Attendees lined up and passed the hatchery raised fish (which were in large rubber bootlike containers) hand-over-hand down the bank and into the Spokane River just upstream of the Sandifur Bridge.
Since 2015, the Upper Columbia United Tribes – which include the Coeur d’Alene Tribe of Indians, Confederated Tribes of the Colville Reservation, Kalispel Tribe of Indians, Kootenai Tribe of Idaho and the Spokane Tribe of Indians – have worked to reintroduce salmon into the blocked regions of the Columbia River, without dam removal.
In 2019, Phase 1 of that work wrapped and found, among other things, that there are 711 miles of possible habitat for spring chinook and 1,610 miles for summer steelhead.
Now the tribes are in Phase 2. In March, tribal managers introduced tagged salmon in the Columbia system to test the habitat and survivability estimates developed in Phase 1. Meanwhile, some smolts released during Phase 1 have started to return.
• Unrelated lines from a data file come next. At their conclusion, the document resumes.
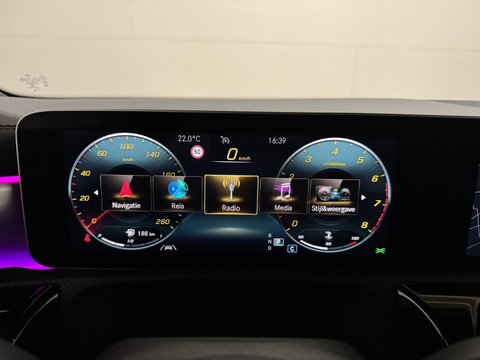 Mercedes-Benz CLA 200 AMG Pano Sfeer Camera CarPlay Cruise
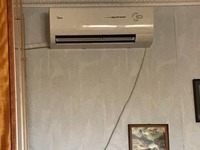 Elektryk chyba PŁAKAŁ jak montował XD Albo bardziej właściciel :D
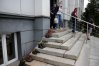 Buty z kwiatami przy wejściu do budynku Wydziału Sztuki UWM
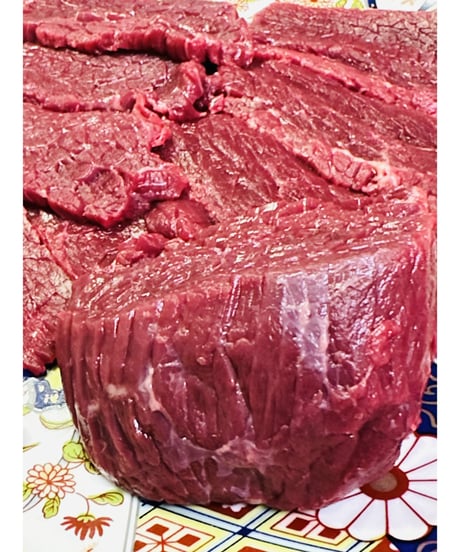 特選国産馬肉🐴かたまり馬肉🥩1キロパック🐶😃一応小分け🎉生肉からのシングルフローズン🌟基本的に軽種馬赤身品種脂はない🐶👩🌸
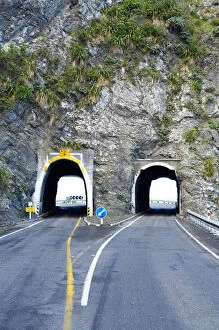 Images Dated 26th September 2005: Road Tunnels, Kaikoura Coastal Road, Marlborough, South Island, New Zealand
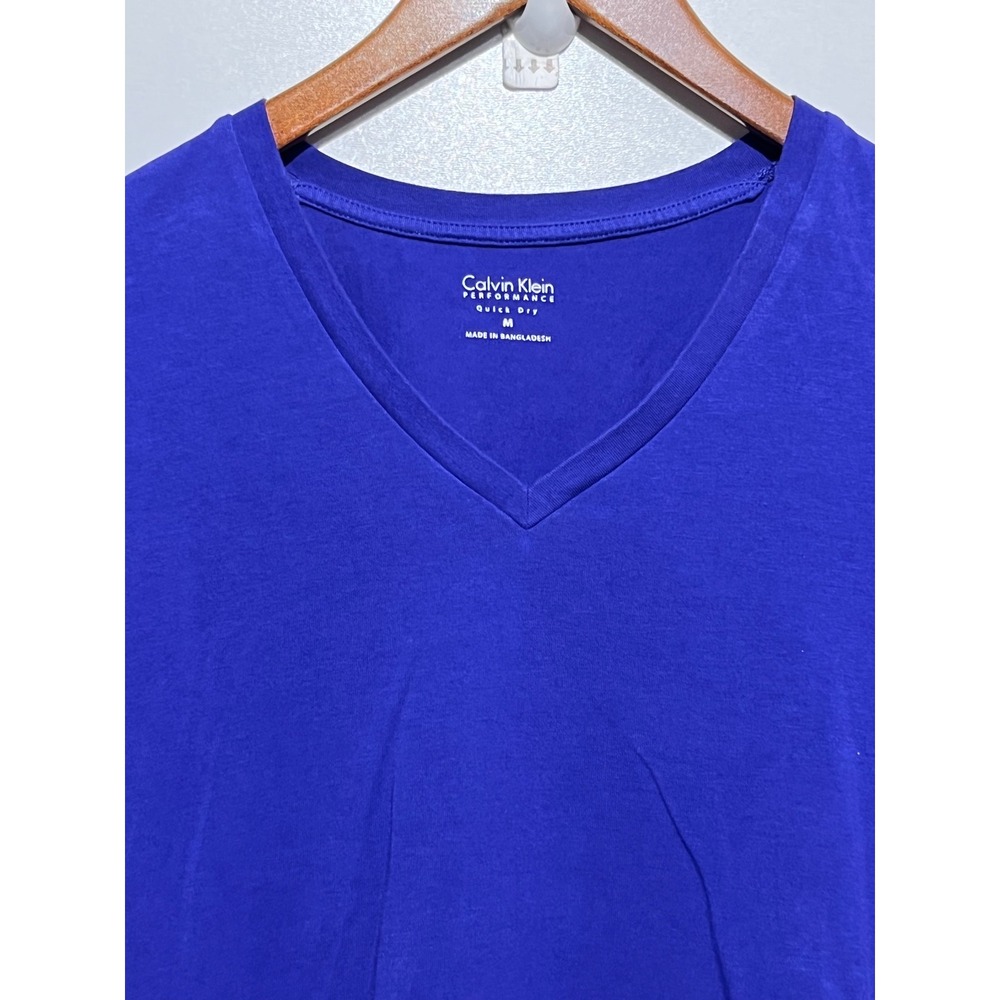 Calvin Klein Performance Womens Cobalt Blue Quick Dry V-Neck T-Shirt Size M - Picture 3 of 9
Phase 2 will examine the best method for getting fish up and over Grand Coulee and Chief Joseph dams, which were built without fish passage.
While fishery managers have planned on Phase 2 taking 21 years, Giorgi said with “adequate funding” the project could be completed sooner.
For now, 46 adult chinook are in a part of the Spokane River that hasn’t seen salmon since 1911 when Little Falls Dam was built.
“All of our ancestors have wanted this,” said Jeannette Finley, deputy director for the Colville Fish and Wildlife Department. “It’s an emotional feeling.”